Ontem, vi o filme “Meu nome é Gal”, com Sophie Charlotte no papel principal. A película é uma boa reconstituição de época e Charlotte, dona de uma voz redonda e sedosa, faz um trabalho competente ao interpretar uma das maiores cantoras brasileiras, especialmente porque o prazo escolhido para falar de Gal Costa é entre a sua chegada no Rio de Janeiro, nos anos 1960, até o show Fa-Tal, realizado em 1972.

O problema de muitas cinebiografias que retratam nossos ídolos é que o personagem registrado na tela parece sempre ser um rascunho da vida real (é a impressão que se tem ao assistir o longa-metragem de Dandara Ferreira e Lô Politi). Isso, diga-se, não é culpa dos atores e atrizes que encaram o desafio de encarnar alguém idolatrado pelas massas. A limitação de tempo que o cinema impõe acaba impedindo que se explore melhor as contradições e minúcias de pessoas públicas. Além disso, alguns artistas geniais simplesmente não têm personalidades à altura de seu talento (não parece ser o caso de Gal). Lembro de um amigo jornalista que voltou decepcionadíssimo da entrevista com uma das maiores atrizes brasileiras: ele a achou, sem um personagem para chamar de seu, muito chata, previsível e pouco inteligente.

Gal Costa conseguia ir da doçura delicada (com “Baby” e “Antonico”) à rebeldia assertiva (“Divino Maravilhoso” e “Brasil”) em sua obra. E tinha uma presença no palco que hipnotizava a plateia, especialmente quando atingia notas agudas com uma limpidez cristalina.

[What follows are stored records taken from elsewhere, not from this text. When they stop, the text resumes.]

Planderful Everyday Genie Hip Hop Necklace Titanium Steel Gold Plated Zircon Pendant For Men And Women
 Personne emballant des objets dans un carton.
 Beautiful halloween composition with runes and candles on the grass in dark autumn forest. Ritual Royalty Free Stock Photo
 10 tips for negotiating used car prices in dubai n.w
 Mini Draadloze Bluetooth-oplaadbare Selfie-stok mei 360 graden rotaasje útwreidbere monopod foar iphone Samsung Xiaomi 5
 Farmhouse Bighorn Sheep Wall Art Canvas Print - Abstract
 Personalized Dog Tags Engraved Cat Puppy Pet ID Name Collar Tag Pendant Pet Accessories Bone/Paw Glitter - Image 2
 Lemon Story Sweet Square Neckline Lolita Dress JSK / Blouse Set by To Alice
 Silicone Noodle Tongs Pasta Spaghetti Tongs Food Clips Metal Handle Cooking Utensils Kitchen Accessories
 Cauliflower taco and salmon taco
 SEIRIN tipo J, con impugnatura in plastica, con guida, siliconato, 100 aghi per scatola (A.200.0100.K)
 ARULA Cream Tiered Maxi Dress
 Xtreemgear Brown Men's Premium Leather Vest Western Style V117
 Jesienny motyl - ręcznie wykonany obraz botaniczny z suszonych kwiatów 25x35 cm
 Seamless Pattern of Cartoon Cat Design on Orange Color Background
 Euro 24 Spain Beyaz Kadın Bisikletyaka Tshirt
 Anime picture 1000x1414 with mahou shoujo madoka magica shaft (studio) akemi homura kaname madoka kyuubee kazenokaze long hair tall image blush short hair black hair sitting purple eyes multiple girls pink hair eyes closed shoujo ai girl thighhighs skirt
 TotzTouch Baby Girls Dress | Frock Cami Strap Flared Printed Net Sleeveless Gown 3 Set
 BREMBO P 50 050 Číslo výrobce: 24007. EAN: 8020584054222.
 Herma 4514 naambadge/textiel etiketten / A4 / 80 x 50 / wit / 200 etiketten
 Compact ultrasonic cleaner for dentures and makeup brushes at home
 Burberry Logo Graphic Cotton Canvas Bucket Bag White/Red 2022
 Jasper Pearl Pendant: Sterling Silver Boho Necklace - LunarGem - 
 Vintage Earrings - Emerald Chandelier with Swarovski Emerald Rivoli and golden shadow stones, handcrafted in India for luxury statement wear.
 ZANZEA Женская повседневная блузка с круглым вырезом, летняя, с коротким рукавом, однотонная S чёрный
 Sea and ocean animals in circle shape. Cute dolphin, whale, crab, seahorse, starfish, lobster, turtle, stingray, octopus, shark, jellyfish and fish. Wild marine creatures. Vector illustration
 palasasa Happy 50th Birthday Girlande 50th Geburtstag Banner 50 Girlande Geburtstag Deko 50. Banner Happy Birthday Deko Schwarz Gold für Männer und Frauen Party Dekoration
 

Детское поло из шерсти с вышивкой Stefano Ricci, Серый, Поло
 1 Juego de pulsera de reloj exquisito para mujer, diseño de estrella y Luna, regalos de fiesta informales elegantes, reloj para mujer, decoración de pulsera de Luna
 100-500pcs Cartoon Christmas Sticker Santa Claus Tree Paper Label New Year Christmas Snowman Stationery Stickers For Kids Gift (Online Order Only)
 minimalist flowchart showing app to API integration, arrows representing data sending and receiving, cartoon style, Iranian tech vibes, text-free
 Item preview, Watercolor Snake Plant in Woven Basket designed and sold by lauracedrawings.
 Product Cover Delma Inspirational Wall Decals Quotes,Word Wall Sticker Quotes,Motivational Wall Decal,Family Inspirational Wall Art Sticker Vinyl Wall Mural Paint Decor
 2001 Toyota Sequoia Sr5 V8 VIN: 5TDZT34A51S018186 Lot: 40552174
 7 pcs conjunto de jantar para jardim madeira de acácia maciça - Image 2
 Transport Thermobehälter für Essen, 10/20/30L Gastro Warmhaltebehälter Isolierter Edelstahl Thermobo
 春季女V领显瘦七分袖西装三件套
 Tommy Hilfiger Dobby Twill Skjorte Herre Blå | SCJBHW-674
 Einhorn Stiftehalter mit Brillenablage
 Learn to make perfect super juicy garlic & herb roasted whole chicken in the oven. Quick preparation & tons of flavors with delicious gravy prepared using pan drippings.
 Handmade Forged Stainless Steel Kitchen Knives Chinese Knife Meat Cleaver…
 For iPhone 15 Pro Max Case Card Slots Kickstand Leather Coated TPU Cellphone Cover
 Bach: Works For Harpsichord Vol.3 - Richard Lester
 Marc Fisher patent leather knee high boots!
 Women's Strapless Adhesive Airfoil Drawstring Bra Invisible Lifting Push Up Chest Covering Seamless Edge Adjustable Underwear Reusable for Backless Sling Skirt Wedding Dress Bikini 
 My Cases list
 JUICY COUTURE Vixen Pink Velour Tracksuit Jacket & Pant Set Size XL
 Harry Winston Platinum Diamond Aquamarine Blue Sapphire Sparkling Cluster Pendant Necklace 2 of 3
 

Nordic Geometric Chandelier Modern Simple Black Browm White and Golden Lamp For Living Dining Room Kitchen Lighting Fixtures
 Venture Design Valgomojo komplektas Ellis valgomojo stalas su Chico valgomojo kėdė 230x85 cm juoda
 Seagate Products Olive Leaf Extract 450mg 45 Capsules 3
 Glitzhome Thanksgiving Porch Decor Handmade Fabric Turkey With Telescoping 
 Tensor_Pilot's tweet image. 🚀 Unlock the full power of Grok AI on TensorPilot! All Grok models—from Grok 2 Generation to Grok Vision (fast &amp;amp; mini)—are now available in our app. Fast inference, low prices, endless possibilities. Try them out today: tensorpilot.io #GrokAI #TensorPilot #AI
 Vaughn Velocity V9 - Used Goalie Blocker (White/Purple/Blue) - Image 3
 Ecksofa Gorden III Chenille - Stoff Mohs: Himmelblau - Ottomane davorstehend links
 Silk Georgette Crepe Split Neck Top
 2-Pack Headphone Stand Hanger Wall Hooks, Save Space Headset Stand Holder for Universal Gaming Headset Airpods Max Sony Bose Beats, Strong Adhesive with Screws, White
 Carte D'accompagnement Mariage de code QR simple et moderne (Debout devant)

Mas tem algo que chama a atenção neste filme: o inconformismo dos artistas (especialmente os baianos da Tropicália) em relação à falta de liberdade que o país enfrentou na época da ditadura militar. Apesar do Estado repressor, via-se na classe artística, entre os anos 1960 e 1970, uma disposição incansável para questionar o regime – muitas vezes utilizando metáforas para driblar a censura que existia naquele momento histórico.

Hoje, vivemos uma democracia. Mas convivemos com alguns sinais claros de desrespeito às liberdades individuais (nada, entretanto, que se compare aos chamados anos de chumbo). Mesmo assim, deixamos passar batido esses ataques à liberdade. É como se estivéssemos anestesiados pela democracia e, assim, não damos importância a esses eventos localizados.

Deveria ser o contrário. O preço da liberdade é a eterna vigilância. Essa frase, atribuída tanto ao ex-presidente americano Thomas Jefferson como ao político irlandês John Philpot Curran (que curiosamente foram contemporâneos), reflete o que todos nós deveríamos fazer. A cada tentativa de supressão de nossa liberdade, por menor que seja, deveríamos estrilar. E muito.

A classe artística deveria fazer parte deste processo. Ocorre que poetas e compositores se sentem muito mais motivados a falar de liberdade quando não a têm. É como colocar um cadeado na porta depois de ter sido roubado: reclamamos da falta de livre-arbítrio depois que ele foi tirado de nós.

A lógica nos diz para fazer o oposto: brigar – nos discursos e nas artes – por nossa livre expressão. Mas nem sempre a inspiração e a disposição para lutar surgem de uma ordem racional de nossas mentes.

Nessas horas, temos de tocar os corações das pessoas e lembrá-las de como é importante para uma sociedade viver sem censura. Enquanto os nossos inimigos estão sendo calados, achamos que o problema não é nosso. Não se iludam. Em algum momento, será.